Ces sentences n’ont que rarement trouvé un réel accomplissement. C’est en cela que le livre de Bertrand Guillot est opportun. Dans la nuit du 4 août 1789, les privilèges de l’ancien monde féodal sautent. Pas seulement ceux, iniques, de la noblesse et du haut-clergé mais également les exemptions fiscales provinciales. La France moderne est née ce jour-là. La vraie Bastille est tombée cette nuit-là.
Bertrand Guillot fait vivre ces quelques heures où une fièvre inarrêtable (sur)prend la nouvelle Assemblée nationale. Alors que les États généraux piétinaient et s’égaraient en des arguties sans fins, à faire passer une après-midi télévisuelle devant la chaine parlementaire pour un concert punk. Bertrand Guillot retrace les grandes étapes et souligne que l’abolition des privilèges est un accomplissement qui n’avait rien d’inévitable.

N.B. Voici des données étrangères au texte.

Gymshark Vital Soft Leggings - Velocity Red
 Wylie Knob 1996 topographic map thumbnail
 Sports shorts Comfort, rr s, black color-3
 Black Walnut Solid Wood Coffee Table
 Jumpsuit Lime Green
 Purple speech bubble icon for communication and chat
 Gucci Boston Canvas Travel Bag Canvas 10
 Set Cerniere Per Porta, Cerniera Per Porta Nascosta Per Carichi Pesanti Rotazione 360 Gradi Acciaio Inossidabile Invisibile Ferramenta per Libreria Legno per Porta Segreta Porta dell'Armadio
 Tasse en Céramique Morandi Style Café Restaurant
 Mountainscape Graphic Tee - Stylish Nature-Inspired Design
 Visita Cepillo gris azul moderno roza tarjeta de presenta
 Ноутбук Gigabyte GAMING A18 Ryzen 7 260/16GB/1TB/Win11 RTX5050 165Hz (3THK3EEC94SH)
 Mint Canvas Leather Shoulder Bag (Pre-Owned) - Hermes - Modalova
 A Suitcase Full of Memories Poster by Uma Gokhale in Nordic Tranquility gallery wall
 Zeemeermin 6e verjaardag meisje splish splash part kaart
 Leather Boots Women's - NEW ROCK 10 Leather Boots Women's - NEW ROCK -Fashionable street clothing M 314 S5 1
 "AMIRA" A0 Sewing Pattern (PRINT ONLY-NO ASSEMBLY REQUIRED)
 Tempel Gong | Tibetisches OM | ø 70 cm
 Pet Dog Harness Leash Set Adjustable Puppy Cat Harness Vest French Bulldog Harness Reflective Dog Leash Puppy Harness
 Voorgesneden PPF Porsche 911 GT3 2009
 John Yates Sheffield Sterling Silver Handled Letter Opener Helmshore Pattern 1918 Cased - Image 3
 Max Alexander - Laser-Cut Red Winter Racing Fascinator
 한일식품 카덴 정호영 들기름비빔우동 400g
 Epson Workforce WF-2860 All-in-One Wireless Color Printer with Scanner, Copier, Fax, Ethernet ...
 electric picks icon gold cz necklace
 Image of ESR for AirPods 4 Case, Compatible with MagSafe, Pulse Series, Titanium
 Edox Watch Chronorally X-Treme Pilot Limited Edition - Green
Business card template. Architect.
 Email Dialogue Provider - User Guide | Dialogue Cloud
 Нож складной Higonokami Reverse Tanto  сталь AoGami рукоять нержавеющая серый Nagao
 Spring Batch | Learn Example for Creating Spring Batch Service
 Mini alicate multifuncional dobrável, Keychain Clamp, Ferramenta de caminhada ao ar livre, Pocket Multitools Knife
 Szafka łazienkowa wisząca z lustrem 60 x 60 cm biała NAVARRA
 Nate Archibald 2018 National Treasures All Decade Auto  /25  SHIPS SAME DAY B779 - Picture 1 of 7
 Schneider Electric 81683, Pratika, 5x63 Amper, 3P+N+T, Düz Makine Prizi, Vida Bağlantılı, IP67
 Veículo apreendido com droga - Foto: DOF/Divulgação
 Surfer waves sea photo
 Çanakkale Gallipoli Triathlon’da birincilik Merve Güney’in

Trempant sa plume dans une encre vive, Guillot est un intraitable portraitiste, du plus haut, Louis XVI homme aimable, totalement dépassé qui ne souhaite rien d’autre qu’une sérénité inatteignable au plus humble, représentant crotté du tiers-état qui participera au vacillement puis l’effondrement d’un système séculaire.
Guillot n’esquive en rien les résonnances avec notre époque. Ni l’ambiguïté du mot révolution qui signifie aussi bien avènement des Grands Soirs qu’une rotation totale pour finir au même point. Car on peine à éprouver pleinement cette abolition non ? Que penserait donc nos lointains ancêtres, poudrés, à l’hygiène aléatoire en contemplant notre monde ? Les privilèges sont plus insidieux, non-inscrits dans la loi mais toujours là, immuables, jusqu’à la prochaine révolution. Au sens révolté du terme...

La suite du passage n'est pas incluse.